Withstand 200V per square meter? If that's not just a typo, we are talking about a change in magnetic flow density. 30uV/m, in contrast, is an electric field strength. The electric field around any battery is much larger than that, but nobody wants to prohibit carrying batteries around. You don't get any magnetic flow from that, but you can get magnetic flow from a change in electric field change. In fact, depending on the frequency of the change, the change in magnetic flow density can get arbitrarily large even when we are talking about an amplitude of just 30uV/m.

Re:Hope the committee has a better grasp of units (0)

at10u8 (179705) | about 7 months ago | (#45053739)

Yes, my inner physicist is hurting badly that neither author nor editor seems to grasp the subject enough to notice the inconsistency.

Re:Hope the committee has a better grasp of units (0)

Anonymous Coward | about 7 months ago | (#45054091)

Withstand 200V per square meter? If that's not just a typo, we are talking about a change in magnetic flow density. 30uV/m, in contrast, is an electric field strength.

Actually, if we are indeed talking about magnetic flow, 200V per square meter means that if I loop off one square meter with a wire, that wire will show 200V when measured with a high-impendance instrument.

But that's just 200uV per square millimetre. Now a Kindle is nothing that I'd be afraid of using normal operation. But then it has WLAN which is intended to transmit radiation. But that's sort of low-profile. What's really scary is a Kindle 3G or a mobile phone. Those suckers are intended to broadcast over a distance of dozens of kilometres.

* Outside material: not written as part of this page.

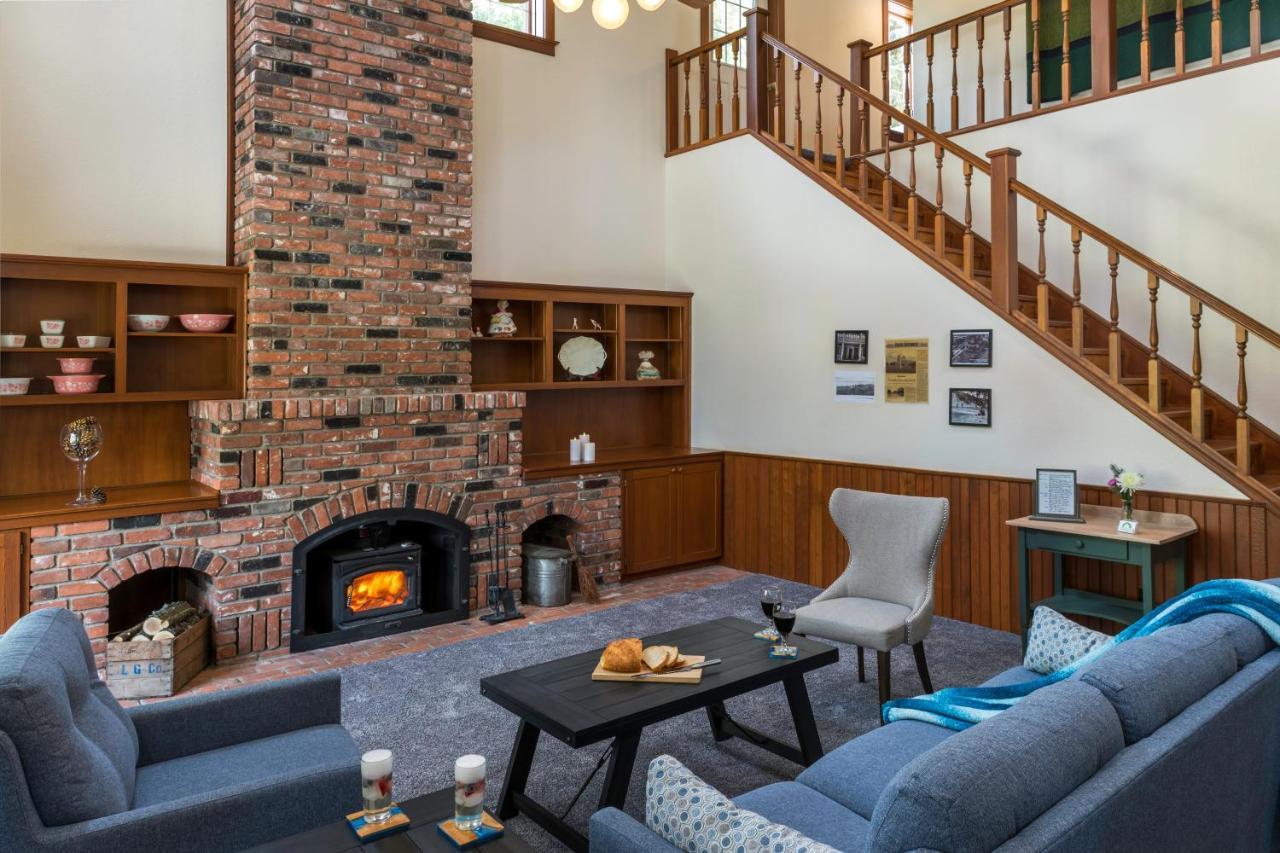 Gardenview Estate Bed And Breakfast Kettle Falls Exterior photo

And since people are too stupid to recognize the implications of 3G devices (in particular when there is no cell phone tower nearby and they try finding one with maximum broadcast power) and flight personnel can't be expected to tell them apart, "devices off" does make sense to me.

It would probably already mitigate the problem if there was a "cell tower" in the plane that listened to cellphones and told them "pipe down, I can perfectly hear you". It would not even need to actually provide a connection, just answer the cell phones' increasingly louder cries for attention.

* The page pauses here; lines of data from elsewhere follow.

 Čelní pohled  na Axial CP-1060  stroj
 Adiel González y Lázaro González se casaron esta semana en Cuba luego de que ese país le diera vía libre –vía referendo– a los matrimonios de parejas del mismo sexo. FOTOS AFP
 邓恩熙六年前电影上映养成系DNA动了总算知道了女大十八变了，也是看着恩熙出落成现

Re:Hope the committee has a better grasp of units (1)

Anonymous Coward | about 7 months ago | (#45054323)

Phones don't randomly go off transmitting at maximum power when they lack a signal. Quite the opposite: they hop around in receive mode on all available channels until they find something. Otherwise they'd be violating spectrum rules all over the place - your phone isn't supposed to transmit until a tower tells it what band it needs to transmit on.

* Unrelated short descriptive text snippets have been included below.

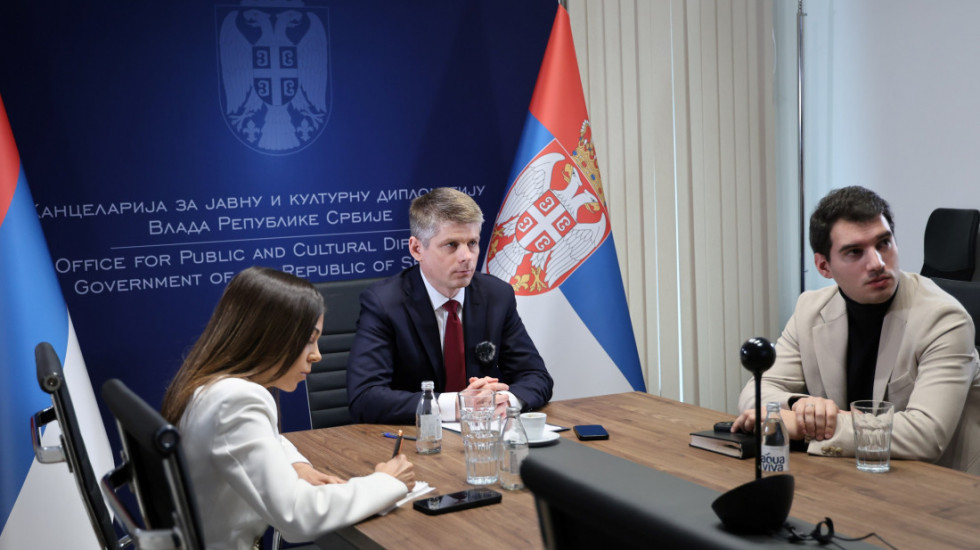 Gujon i ministarka kulture Burjatije na okruglom stolu o nasleđu Save Vladislavića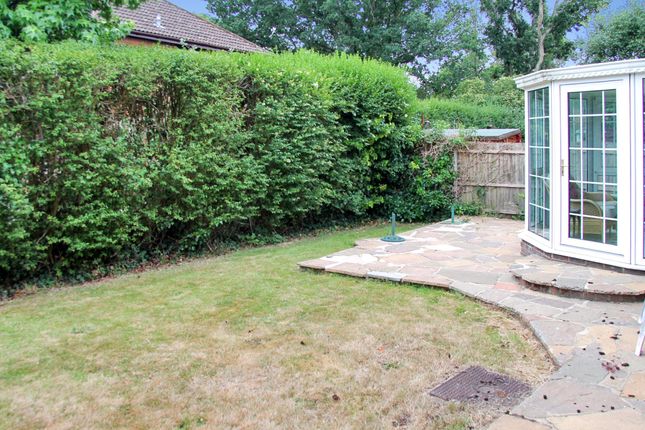 29 Orchard Lea, Swanmore photo 3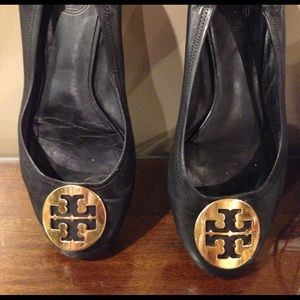Black Tory Burch Flats 8.5 (more like a 9)!!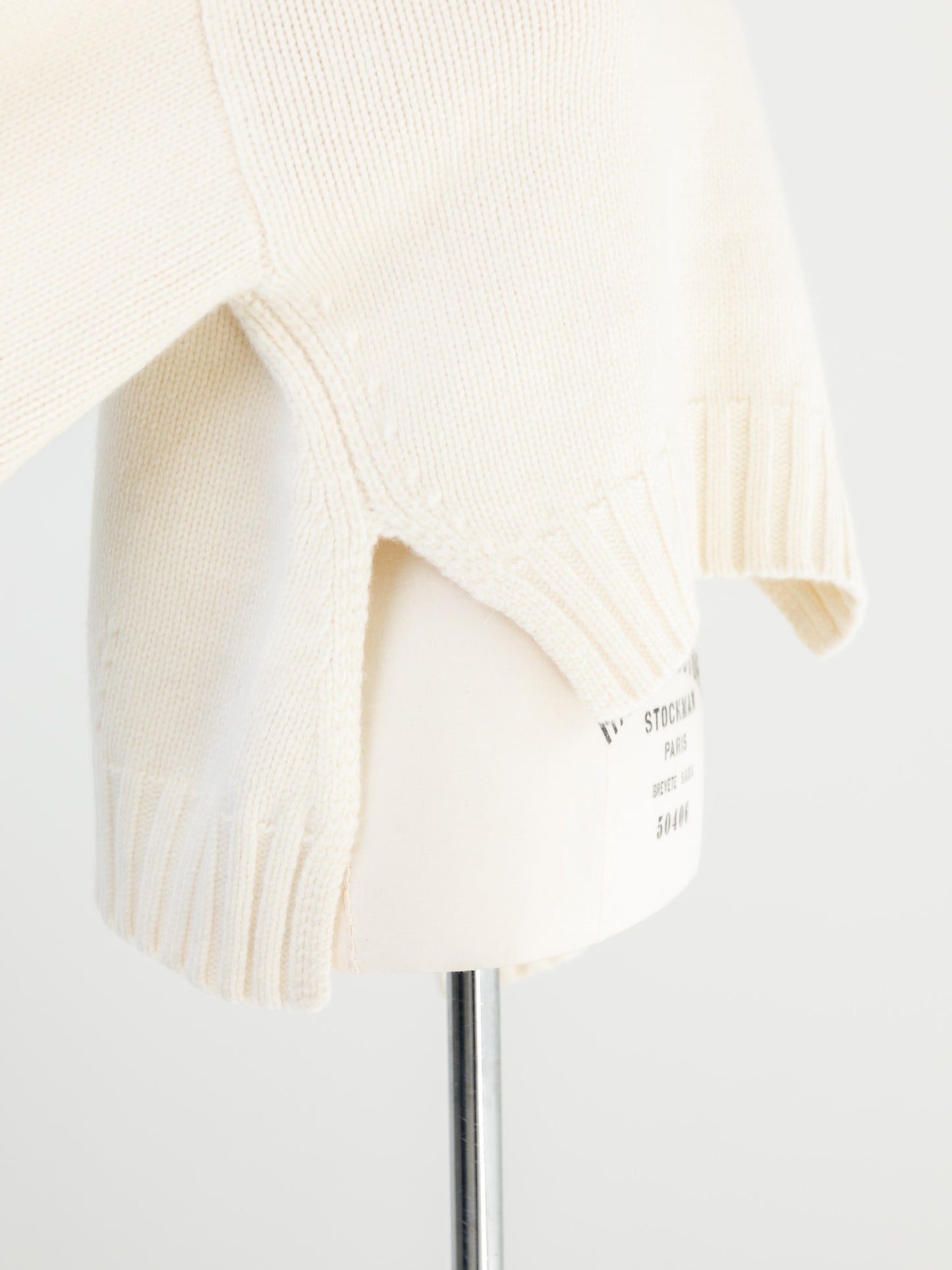 Adele/only one sweater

It is true that phones talking to a far-away tower with a weak signal will use higher transmit power, but they will not transmit at all if the tower is completely gone.

Now, if phones do manage to catch a weak signal from a tower down below, that could be an issue. I'm not sure how realistic that is, given that cell towers are designed to transmit sideways, not upwards, but it could happen.

Questions (4, Interesting)

Phroggy (441) | about 7 months ago | (#45053729)

How does the government shutdown affect the FAA's ability to make these sorts of policy changes? I would assume that the people who make these decisions have been furloughed, so all existing regulations stand until Congress gets their heads out of their asses?

Also, is there any danger posed by dozens of Kindles flying around the cabin in the event of a crash landing? I realize the current regulations allow non-electronic items such as books, but is this a concern at all?

It's encouraging to see these kinds of changes coming. I'm glad the FAA is revisiting this issue (or will be once we start paying them again).

Re:Questions (2, Insightful)

Anonymous Coward | about 7 months ago | (#45053759)

I'd rather someone's kindle hit me than the latest "Game of Thrones" novel.

Re:Questions (2)

fuckface (32611) | about 7 months ago | (#45054833)

I always fly with a giant book that I read prominently during takeoff and landing in the hopes that it will take off someone's head in the event of an emergency and I can point at the episode and say "See??? Electronics has nothing to do with it. Fuck your regulations!"

Silly (3, Insightful)

Anonymous Coward | about 7 months ago | (#45053743)

During most flights, about half of the cell phones remain turned on because passengers don't really know how to turn them off. Cell phone transmitters are a lot more powerful than wifi transmitters. the best way to stop cell phone use is to have a pico-cell in the airplane that intercepts teh calls and tells the passengers to shut down. The picocell is also so stong that the cell phones redujce thier TX power to almost nothing instead of ontreasing their power to reach cell towers outside of the aircraft.

The real reason to prohibit use of these devices is that takeoff and landing is statistically the most crash-prone and crash-survivable part of a flight, so the passengers should be paying attention. But this is true only for about one minute, not for the entire gate-to-10,000 ft time or 10.000 ft-to-landing time.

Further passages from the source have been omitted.